• _The records_

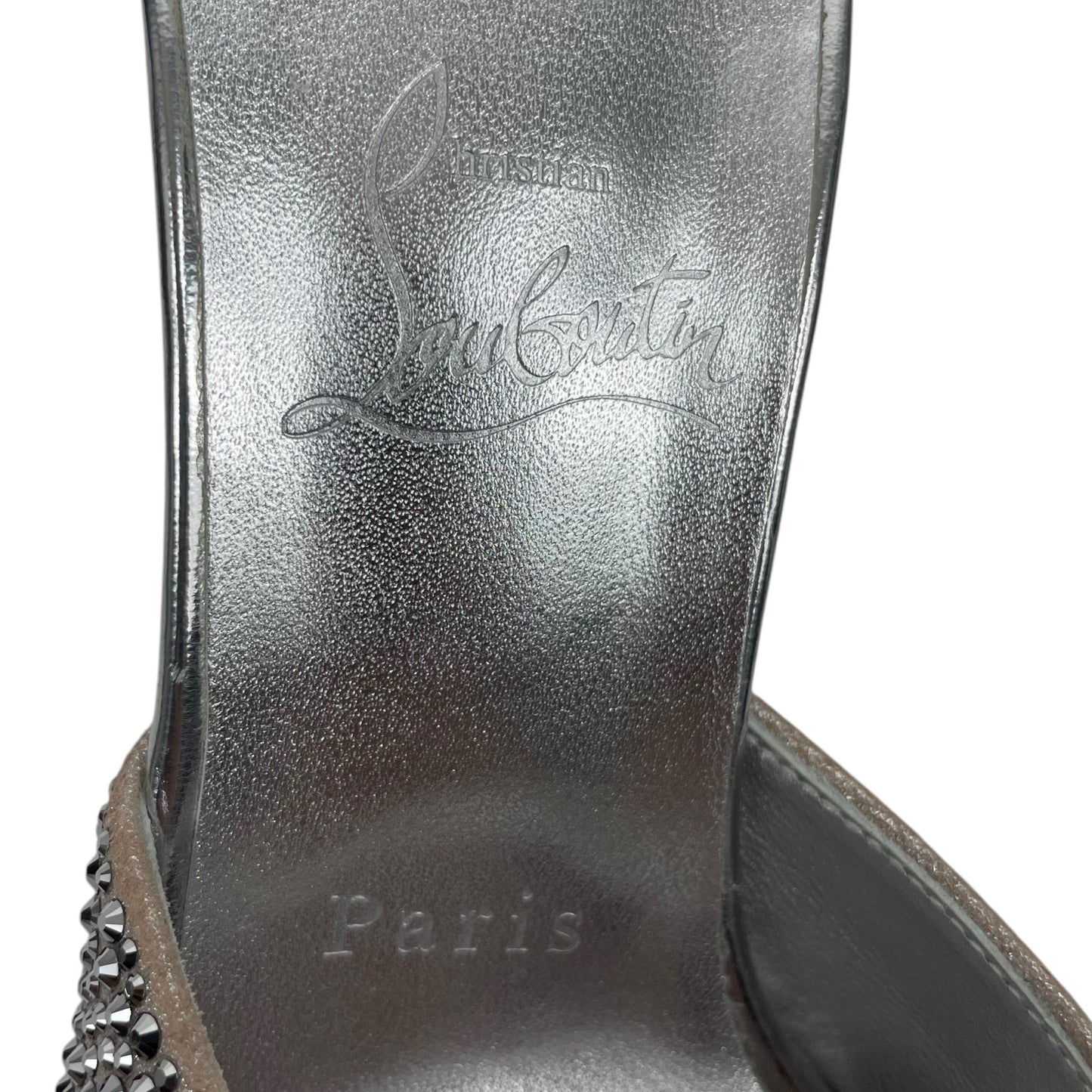 Christian Louboutin Me Dolly Strass 100mm Crystal Mules Silver Size 38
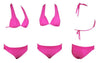Push Up Bikini New Two Piece Swimsuit Women High Waist Black Pink Bikinis Set Women's Halter Padded Top Push Up Bikini Set Two Piece Swimsuits Bathing Suits Beachwear Swimwear Beachwear Bathing Suit by Stevvex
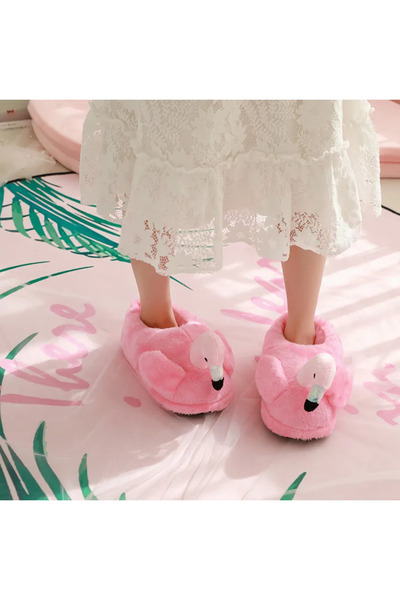 Other Plush flamingo slippers, comfortable and warm, gift idea, fun pink slippers.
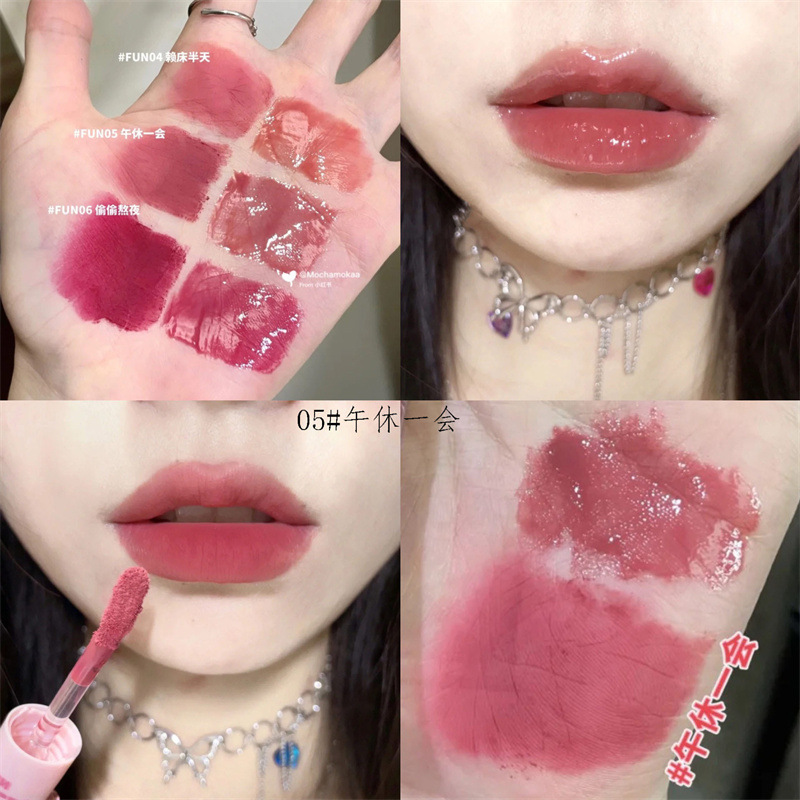 [Mirror + Matte] Double-Headed Lip Glaze Transparent Water Light Feeling Low Saturation Lip Mud Pseudo Plain Lipstick White Student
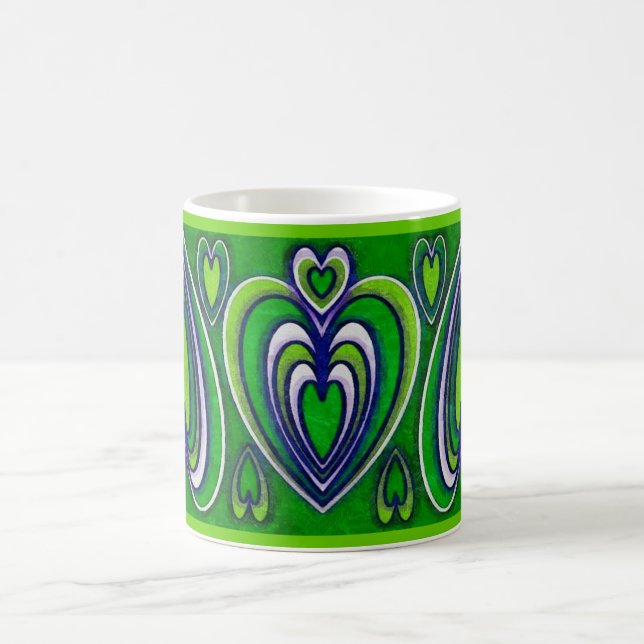 corações decorativos do verde da caneca (Centro)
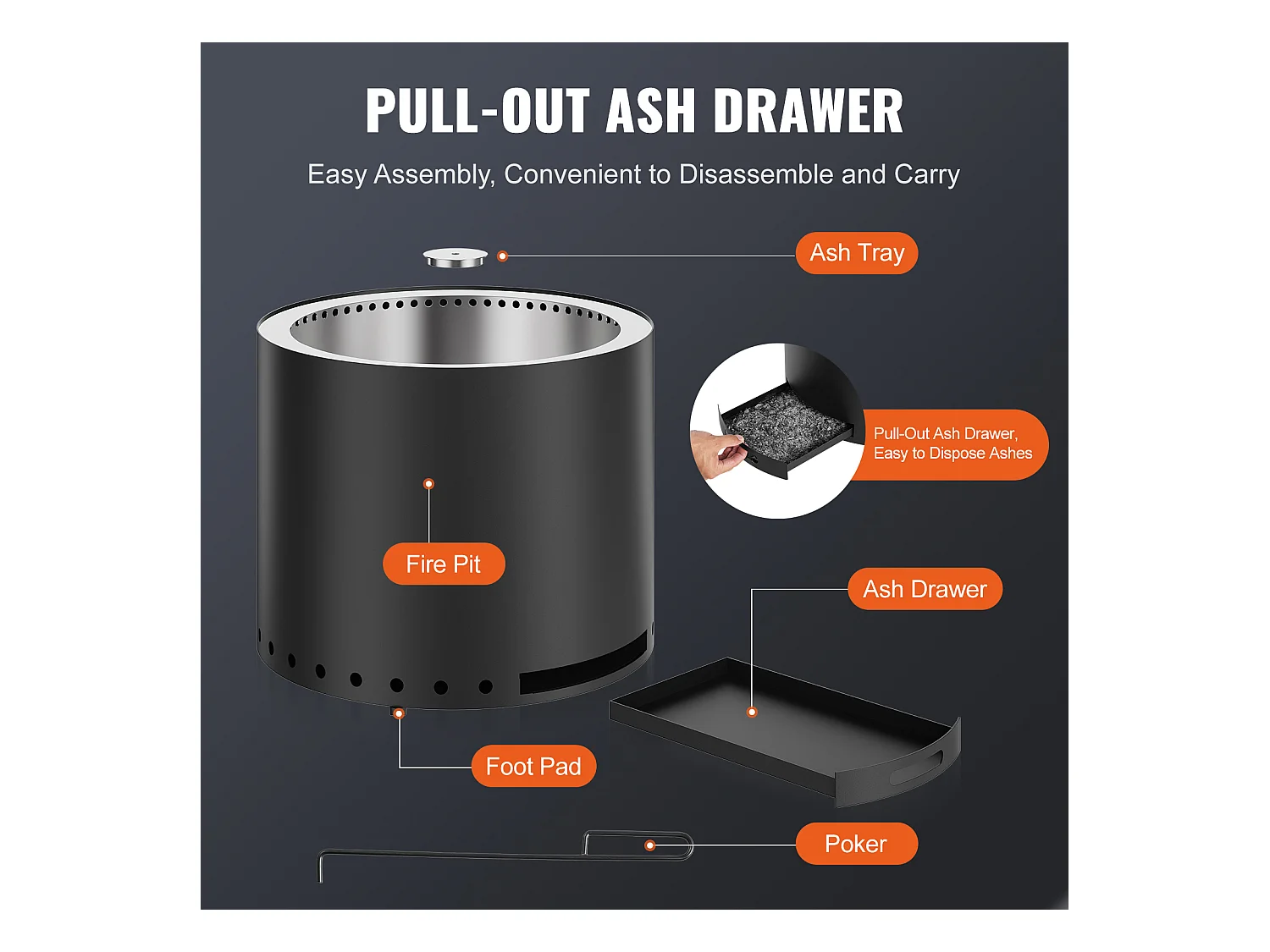 Rauchfreier Holzofen SucceBuy Bonfire, 380 mm Durchmesser, aus Edelstahl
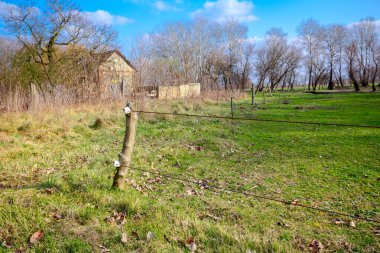 Çiftlik hayvanlarının güvenliği için otlağın etrafına elektrikli tel örgü çekilir..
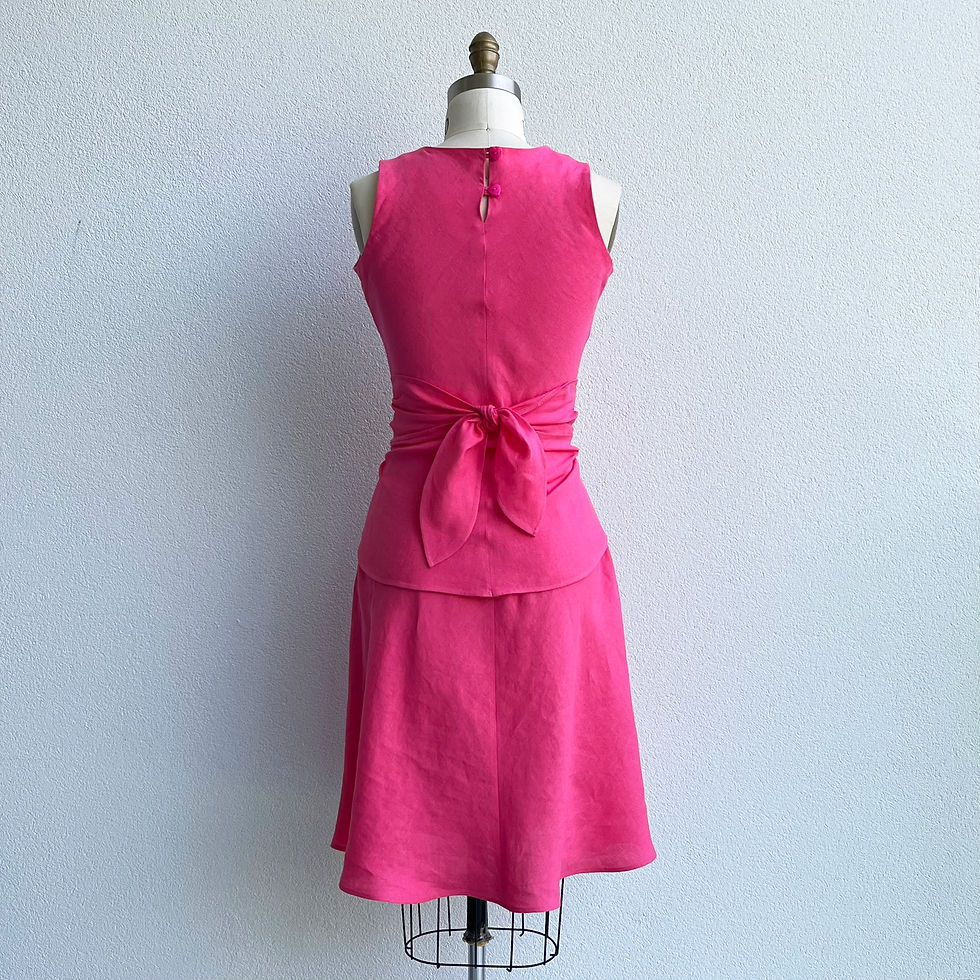 Thumbnail: Sleeveless bias cut dress with wrap around belt:Angelica dress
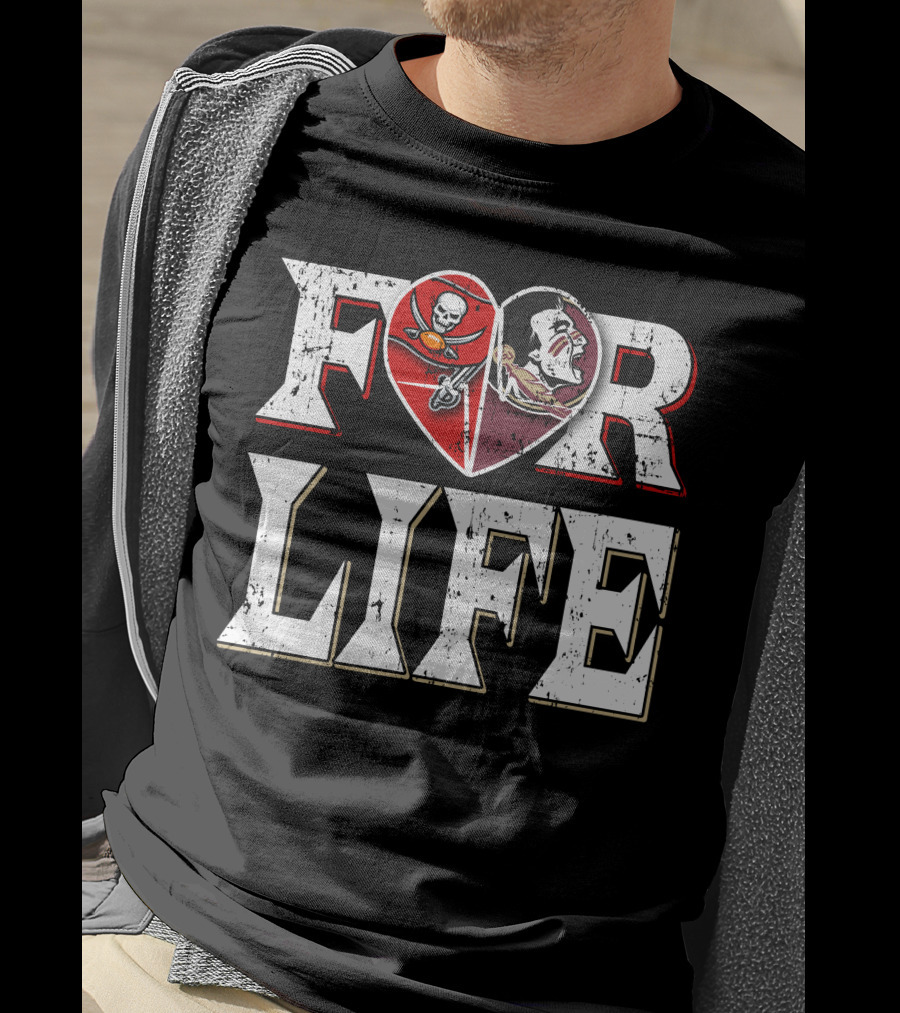 For Life Buccaneers Seminoles Logos Heart T-Shirt
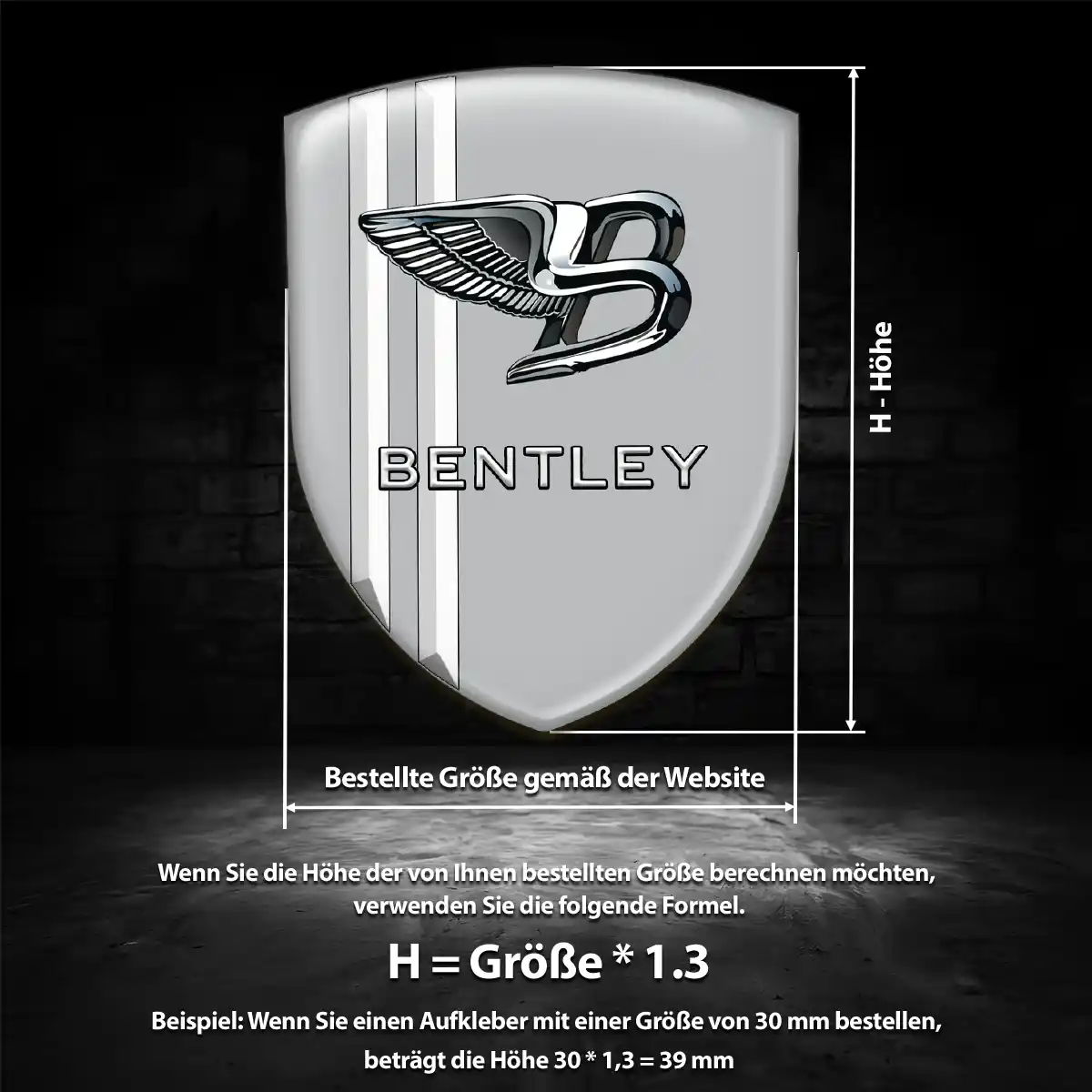 Bentley Aufkleber Silikon Embleme Modernes Design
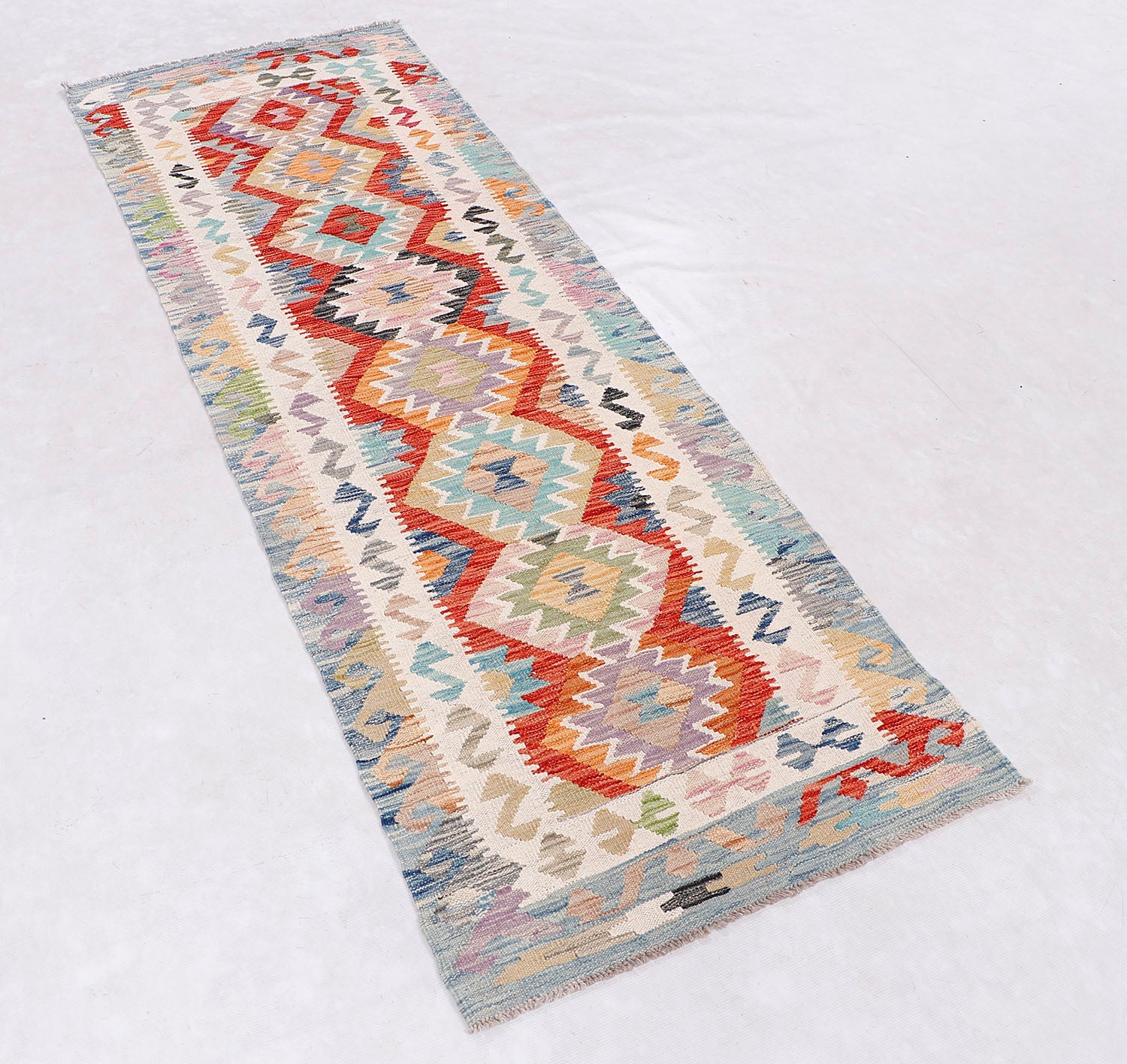 3' X 8'  Multy Handmade Veggie Dye Kilim Rug Runner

• _Exercise directions_
Your task is to repeat exactly the lines from the one containing "Çiftlik hayvanlarının güvenliği" through the end of the material, both included, and only those, without pictures.

• _Answer section_
 Çiftlik hayvanlarının güvenliği için otlağın etrafına elektrikli tel örgü çekilir..
 Thumbnail: Sleeveless bias cut dress with wrap around belt:Angelica dress
 For Life Buccaneers Seminoles Logos Heart T-Shirt
 Bentley Aufkleber Silikon Embleme Modernes Design
 3' X 8'  Multy Handmade Veggie Dye Kilim Rug Runner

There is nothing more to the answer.